Processing the Pictures:
A Letter to Those
Covering the Carnage


by Rebecca Coates Nee


We gasp as we repeatedly watch your video. We cry at your pictures. We see the destruction, the suffering, the raising of the flag.

We respond with numbness to the images you bring us. We don’t want to absorb the horrific nature of what you’re showing us. So we turn it off, flip the page. But you can’t.

The firefighters grieve for their fallen comrades. The financial traders mourn the loss of their coworkers. The pilots shudder at the horror their colleagues succumbed to in the cockpit.

Now it is time for the journalists – the keepers of objectivity and composure with nerves as strong as the beams that hold down the rubble – to recognize our grief, to understand that we are human too. The problem is journalists seem to be the only professionals who regularly witnesses tragedy yet are never afforded the same compassion and counseling available to others dealing with disaster. Instead of empathy, the media are often lumped in with the enemy.

I remember covering my first body many years ago when I was a one-man-band at a small station in Northern California. “Keep looking through the viewfinder,” a photographer from a competing station advised me, “it will seem less real.”

For those of you who covered the aftermath of the attacks on the Pentagon and World Trade Center, viewing the scene only through your lens is impossible. You may be able to erase the images on video but you will never delete them from your mind. For now, you probably just want the movie to stop re-running in your head.

I can’t make that happen, but as a former photojournalist, a survivor of violent crime and now a personal life coach, I have these suggestions on how to cope with what you have covered:

1. Admit your emotions to yourself and others. All the macho, awards and adrenaline in the world won’t get you through this one. When your schedule slows down and the shock wears off, be prepared to feel the sadness even more. Understand the importance of grieving. If you don’t, it will show up in other ways at other times.

2. Talk it out. Find an empathetic relative, friend or counselor who will just listen as you describe what you felt and saw.

3. Write it out. Writing can release the emotions and anxiety that you may be trying to hide. Don’t try to edit yourself, just let the pen go no matter how stupid you think it sounds – you’ll be surprised at what comes out. Write about feelings of anger, grief, guilt and confusion. All those emotions are normal.

4. Replace the mental images with positive ones. Get out your best beauty shots, your favorite feature packages. Take more video or pictures of things that bring you joy. Let your creativity loose.

5. Don’t make any major decisions for at least a month. What you’ve seen is traumatic and may cloud your judgment.

6. Still, don’t disregard the perspective this incident has brought to you. Many people are viewing their lives, families and careers differently. You may want to re-prioritize your life in a more fulfilling way – that may be one benefit of this tragedy.

7. Take breaks when you can and pace yourself. Don’t try to be a superhero at work. If you can get away, do it. You’ll be a much better journalist and person if you do.

8. Appreciate what you do have in your life; focus on what you have accomplished and what you are grateful for – even the little things.
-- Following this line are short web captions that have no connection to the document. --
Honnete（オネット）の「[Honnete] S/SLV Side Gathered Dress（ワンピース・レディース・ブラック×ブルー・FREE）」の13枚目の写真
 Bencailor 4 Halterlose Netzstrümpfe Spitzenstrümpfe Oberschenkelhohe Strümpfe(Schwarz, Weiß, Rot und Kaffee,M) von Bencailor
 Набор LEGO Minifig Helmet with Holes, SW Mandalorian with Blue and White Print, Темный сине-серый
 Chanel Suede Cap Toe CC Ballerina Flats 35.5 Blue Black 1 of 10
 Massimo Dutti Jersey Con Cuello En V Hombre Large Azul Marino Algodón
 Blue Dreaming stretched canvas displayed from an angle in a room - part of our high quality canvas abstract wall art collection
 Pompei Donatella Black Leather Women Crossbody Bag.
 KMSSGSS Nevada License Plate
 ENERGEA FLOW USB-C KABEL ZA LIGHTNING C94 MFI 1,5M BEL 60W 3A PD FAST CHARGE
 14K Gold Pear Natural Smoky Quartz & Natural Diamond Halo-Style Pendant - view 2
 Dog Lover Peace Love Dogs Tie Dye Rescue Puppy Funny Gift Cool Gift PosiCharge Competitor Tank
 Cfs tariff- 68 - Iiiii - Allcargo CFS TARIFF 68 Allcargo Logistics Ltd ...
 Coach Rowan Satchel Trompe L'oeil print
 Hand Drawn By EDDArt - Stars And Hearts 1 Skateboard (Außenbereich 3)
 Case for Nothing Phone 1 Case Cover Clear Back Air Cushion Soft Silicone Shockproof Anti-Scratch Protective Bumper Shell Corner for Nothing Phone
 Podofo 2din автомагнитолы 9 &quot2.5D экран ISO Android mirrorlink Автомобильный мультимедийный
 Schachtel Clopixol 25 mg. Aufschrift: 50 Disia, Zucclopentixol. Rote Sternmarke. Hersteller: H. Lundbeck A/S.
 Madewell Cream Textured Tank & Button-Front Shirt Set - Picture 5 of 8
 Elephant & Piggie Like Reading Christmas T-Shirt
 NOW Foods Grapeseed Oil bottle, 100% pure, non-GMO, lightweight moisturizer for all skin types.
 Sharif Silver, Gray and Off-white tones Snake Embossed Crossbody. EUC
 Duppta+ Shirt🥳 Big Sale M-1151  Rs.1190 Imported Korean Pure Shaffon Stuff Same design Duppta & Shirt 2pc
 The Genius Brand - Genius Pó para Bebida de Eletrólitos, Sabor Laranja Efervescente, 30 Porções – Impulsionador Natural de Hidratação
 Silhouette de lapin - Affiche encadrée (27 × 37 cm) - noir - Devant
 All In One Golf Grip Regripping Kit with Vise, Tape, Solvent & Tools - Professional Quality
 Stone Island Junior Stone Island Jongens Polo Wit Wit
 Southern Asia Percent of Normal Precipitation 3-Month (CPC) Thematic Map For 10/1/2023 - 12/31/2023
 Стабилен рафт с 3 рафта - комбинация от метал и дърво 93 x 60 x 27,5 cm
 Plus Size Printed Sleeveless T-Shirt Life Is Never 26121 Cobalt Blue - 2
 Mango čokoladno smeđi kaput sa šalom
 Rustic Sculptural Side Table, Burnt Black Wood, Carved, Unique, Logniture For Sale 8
9. Establish a daily routine that includes healthful habits you enjoy. For example: working out, listening to music you love, going for an early morning bike ride or walk, watching a sunset. Routines add structure back to our lives and eliminate some of the confusion.

10. Recognize the signs of post-traumatic stress or depression: difficulty sleeping, trouble with intimacy, withdrawal, anxiety, overwhelming sadness, inability to perform normal activities. Get professional help if these emotions continue for more than a week.

Here are some resources on line that may help:

http://www.psycom.net/depression.central.html
http://www.nimh.nih.gov/publicat/depression.cfm
http://www.mentalhealth.com/bookah/p44-dp.html

Depression assessments and self tests:

http://www.psych-net.org/test/dep-test.html
http://www.med.nyu.edu/Psych/screens/depres.html
http://www.womens-health.com/health_center/mental/depress_assess.html

Finally, understand that you are a more enlightened, compassionate photographer and human being because of what you have seen. You will no longer be able to live life just through your lens. And you and your craft will be better for it.